Penulis : Hendra Wiranto

Hukrim,Sulengka.id –– Kapolrestabes Makassar jajaran Polda Sulsel jadi sorotan para aktivis Mahasiswa usai menangkap dan mentersangkakan delapan Mahasiswa setelah lakukan unjuk rasa di jalan Sultan Alauddin (08/07/2024) kemarin.

Delapan Mahasiswa yang di tersangkakan merupakan aktivis yang tergabung dalam Komite Aktivis Mahasiswa Rakyat Indonesia (KAMRI). Bermula saat mereka gelar aksi unjuk rasa dengan tuntutan menolak program pemerintah Tabungan Perumahan Rakyat (Tapera) yang berakhir bentrok antara Mahasiswa dengan aparat kepolisian.

Dalam bentrok tersebut di kabarkan satu orang Polisi mengalami luka hingga mendapatkan perawatan medis, dan delapan Mahasiswa berakhir jadi tersangka oleh Polrestabes Makassar.

Tri Wahyudi, Aktivis yang tergabung dalam Aliansi Masyarakat Bersatu (Asatu) Kabupaten Bulukumba itu mengatakan tak sewajarnya pihak kepolisian langsung menjadikan tersangka para pendemo tersebut.

Menurutnya, terjadi keributan hingga mengakibatkan bentrok antara pihak kepolisian dengan Mahasiswa berawal dari pembubaran paksa para demonstran.

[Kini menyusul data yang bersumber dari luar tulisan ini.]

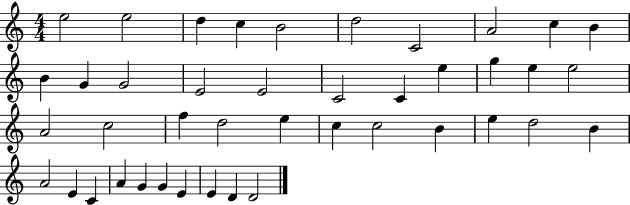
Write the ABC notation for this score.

X:1
T:Untitled
M:4/4
L:1/4
K:C
e2 e2 d c B2 d2 C2 A2 c B B G G2 E2 E2 C2 C e g e e2 A2 c2 f d2 e c c2 B e d2 B A2 E C A G G E E D D2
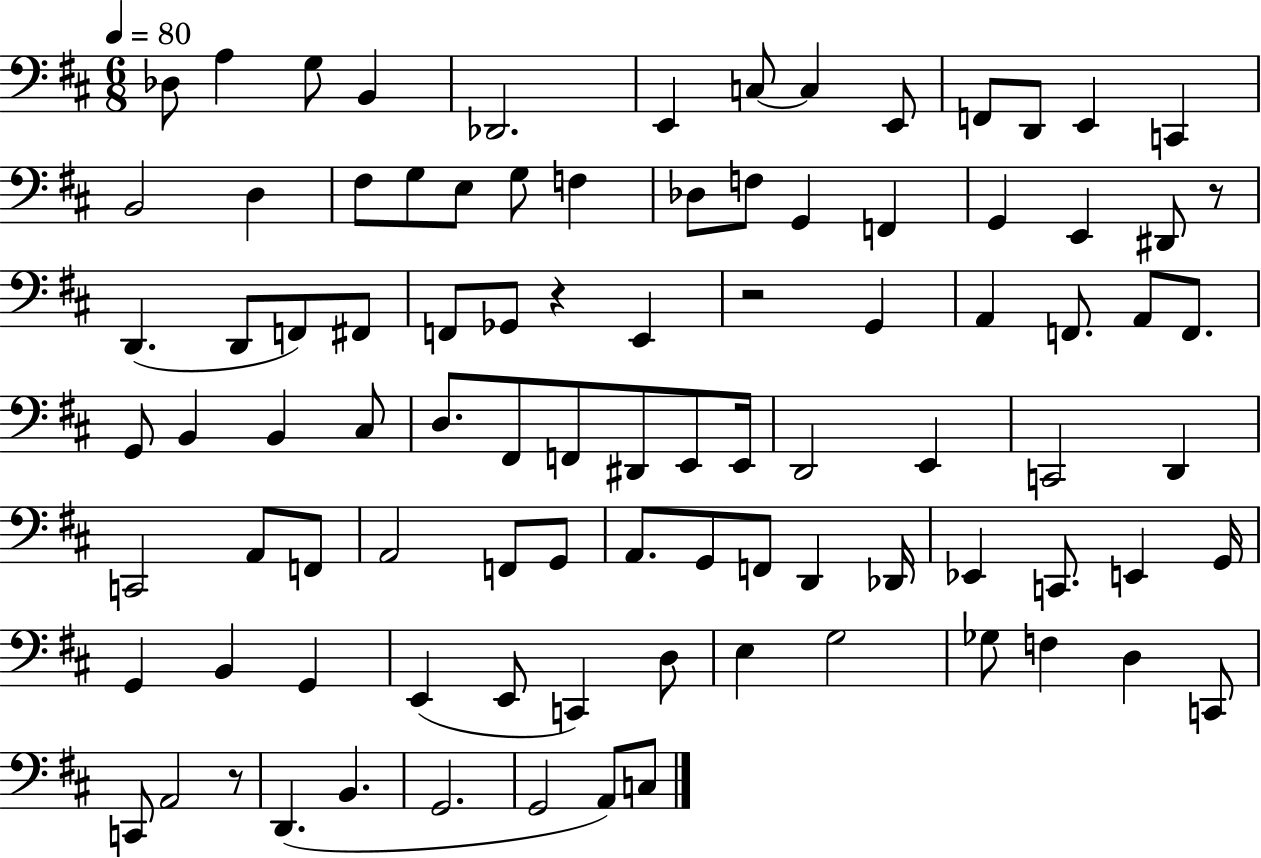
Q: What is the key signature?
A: D major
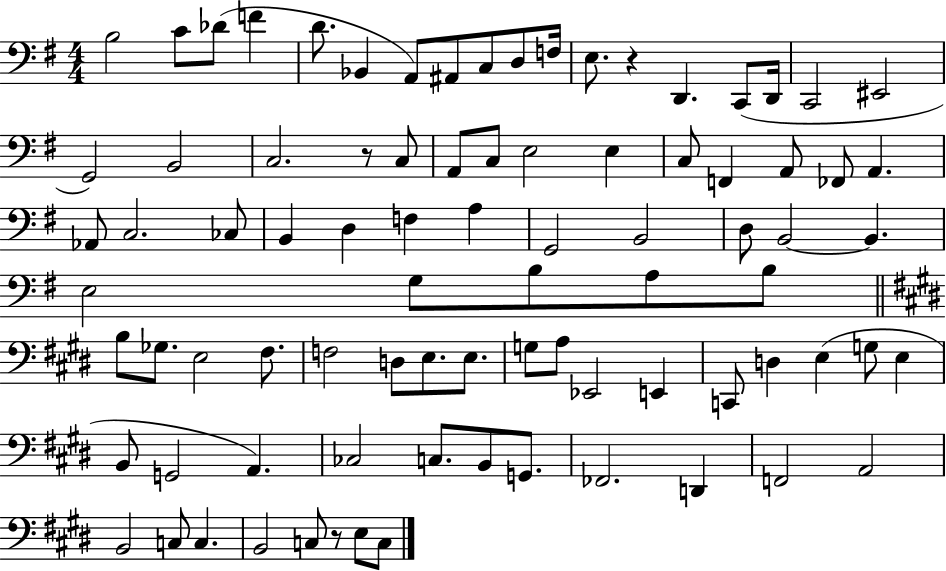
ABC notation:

X:1
T:Untitled
M:4/4
L:1/4
K:G
B,2 C/2 _D/2 F D/2 _B,, A,,/2 ^A,,/2 C,/2 D,/2 F,/4 E,/2 z D,, C,,/2 D,,/4 C,,2 ^E,,2 G,,2 B,,2 C,2 z/2 C,/2 A,,/2 C,/2 E,2 E, C,/2 F,, A,,/2 _F,,/2 A,, _A,,/2 C,2 _C,/2 B,, D, F, A, G,,2 B,,2 D,/2 B,,2 B,, E,2 G,/2 B,/2 A,/2 B,/2 B,/2 _G,/2 E,2 ^F,/2 F,2 D,/2 E,/2 E,/2 G,/2 A,/2 _E,,2 E,, C,,/2 D, E, G,/2 E, B,,/2 G,,2 A,, _C,2 C,/2 B,,/2 G,,/2 _F,,2 D,, F,,2 A,,2 B,,2 C,/2 C, B,,2 C,/2 z/2 E,/2 C,/2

“Sesuai dari pengamatan saya pada video yang beredar di media sosial kita bisa melihat tindakan aparat kepolisian dalam membubarkan massa aksi dengan cara represif terhadap  sejumlah aktivis KAMRI,” Tutur Tri.

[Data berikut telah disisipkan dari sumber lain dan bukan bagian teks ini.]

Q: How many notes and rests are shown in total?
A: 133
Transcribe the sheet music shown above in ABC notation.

Kata Tri, harusnya pihak kepolisian menjaga keamanan dan keselamatan teman-teman aksi dari oknum yang tidak bertanggung jawab (penyusup), bukan malah melakukan tindakan represif kepada peserta Aksi.

“Mestinya kepolisian mengedepankan pendekatan secara persuasif terhadap para peserta aksi demonstran,” Kata dia.

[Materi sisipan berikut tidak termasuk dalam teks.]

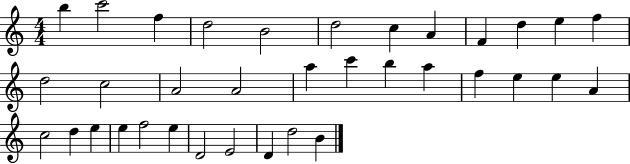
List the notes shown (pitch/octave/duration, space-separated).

B5/q C6/h F5/q D5/h B4/h D5/h C5/q A4/q F4/q D5/q E5/q F5/q D5/h C5/h A4/h A4/h A5/q C6/q B5/q A5/q F5/q E5/q E5/q A4/q C5/h D5/q E5/q E5/q F5/h E5/q D4/h E4/h D4/q D5/h B4/q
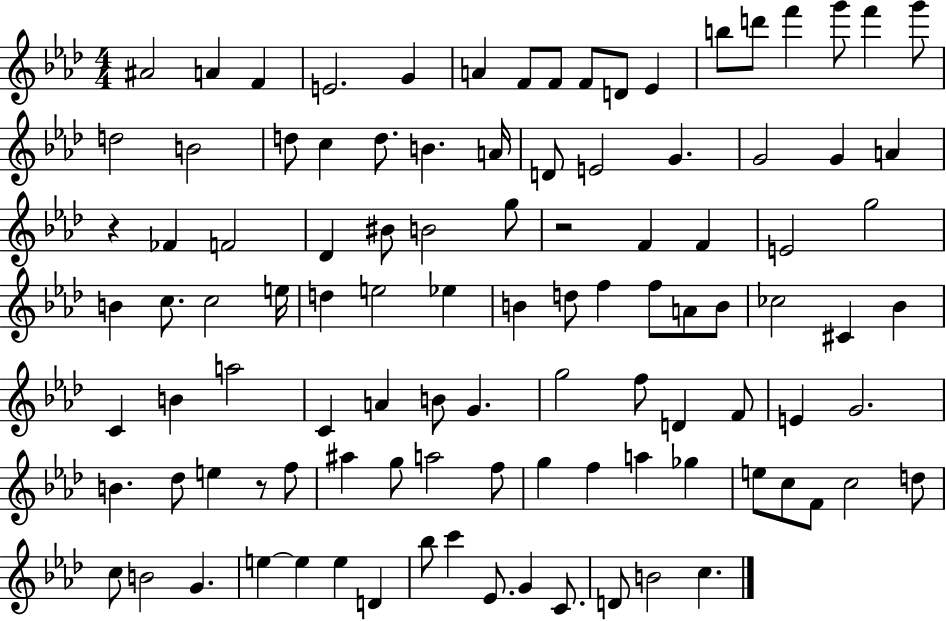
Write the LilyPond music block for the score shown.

{
  \clef treble
  \numericTimeSignature
  \time 4/4
  \key aes \major
  ais'2 a'4 f'4 | e'2. g'4 | a'4 f'8 f'8 f'8 d'8 ees'4 | b''8 d'''8 f'''4 g'''8 f'''4 g'''8 | \break d''2 b'2 | d''8 c''4 d''8. b'4. a'16 | d'8 e'2 g'4. | g'2 g'4 a'4 | \break r4 fes'4 f'2 | des'4 bis'8 b'2 g''8 | r2 f'4 f'4 | e'2 g''2 | \break b'4 c''8. c''2 e''16 | d''4 e''2 ees''4 | b'4 d''8 f''4 f''8 a'8 b'8 | ces''2 cis'4 bes'4 | \break c'4 b'4 a''2 | c'4 a'4 b'8 g'4. | g''2 f''8 d'4 f'8 | e'4 g'2. | \break b'4. des''8 e''4 r8 f''8 | ais''4 g''8 a''2 f''8 | g''4 f''4 a''4 ges''4 | e''8 c''8 f'8 c''2 d''8 | \break c''8 b'2 g'4. | e''4~~ e''4 e''4 d'4 | bes''8 c'''4 ees'8. g'4 c'8. | d'8 b'2 c''4. | \break \bar "|."
}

Mencederai Nilai Demokrasi

Kejadian naas tersebut disayangkan Aktivis Asatu itu, ia menganggap pihak kepolisian dari Polrestabes Makassar telah mencederai nilai-nilai demokrasi di indonesia.

“Sejatinya dalam undang-undang no 9 tahun 1998 menjamin akses dan keamanan atas seluruh bentuk penyampaian aspirasi masyarakat. Termasuk dalam hal kebebasan memberikan pendapat di muka umum. Serta menganalisis bagaimana seharusnya wewenang kepolisian negara Republik Indonesia terhadap penanganan ketika terjadi aksi unjuk rasa,” Tambah Tri.

Lain halnya disampaikan Kapolrestabes Makassar, dilansir dari sulsel.idntimes.com, Kombes Pol Mokhamad Ngajib mengatakan bentrokan terjadi karena pendemo menutup ruas jalan Sultan Alauddin. Yang merupakan akses utama dari dan ke Kota Makassar-Kabupaten Gowa.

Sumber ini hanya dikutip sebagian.